Quelle heure pouvait-il être ?
Je n'en avais pas la moindre idée.
Je me posais un tas de questions, comme chaque soir depuis un certain temps et avec l'obscurité, je sentais peu à peu l'angoisse m'étreindre...
Cette situation qui perdurait depuis plusieurs mois et la souffrance qu'elle engendrait, était ce soir à son apogée...
J'étais comme prisonnière de ce questionnement permanent qui me cloisonnait, dans une arène de douleurs...
Assise les yeux figés, je fixais depuis cinq bonnes minutes le cadre qui se détachait sur ce mur blanc. Des pensées couleurs diaphanes s'écharpaient peu à peu de mon esprit quand soudain la porte s'ouvrit violemment.
Le bruit claqua comme un coup de revolver ...

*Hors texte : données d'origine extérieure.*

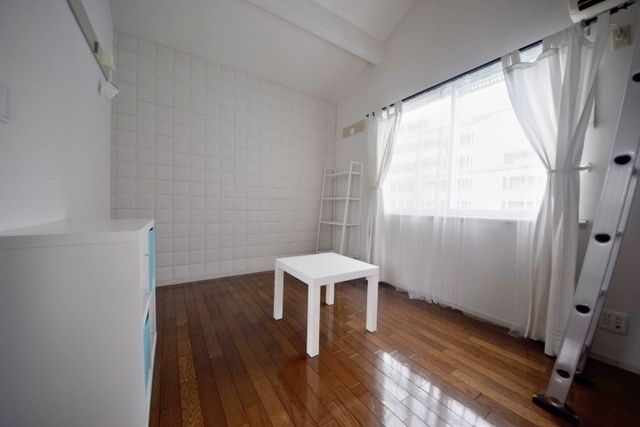 居室・リビング　★フローリングの綺麗なお部屋です★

Une joyeuse tête blonde d'environ 1,40m entra dans la pièce. Ses grands yeux écarquillés qui me fixaient, étaient porteur d’une question. Sa mine était radieuse en cette belle journée estivale.
- Maman, maman ! Ariel peut-elle rester dormir à la maison ce soir ?
- Heu... bien sûr ma chérie.
- Merci ma maman d'amour.
Elsa repartit aussi rapidement qu'elle était arrivée, l'air réjoui, en courrant dans long couloir au mur blanc qui mène vers l'extérieur de la bâtisse.
Je suis journaliste et je travaille pour un journal d'information. Je voyage à travers le monde et couvre le plus souvent les reportages de pays en conflits. Je suis une envoyée spéciale comme ils disent. Je vais de continents en pays, de ville en village de guerre en conflit ; je parle de l’exploitation, de la misère et de toutes ces horreurs qui façonnent notre monde.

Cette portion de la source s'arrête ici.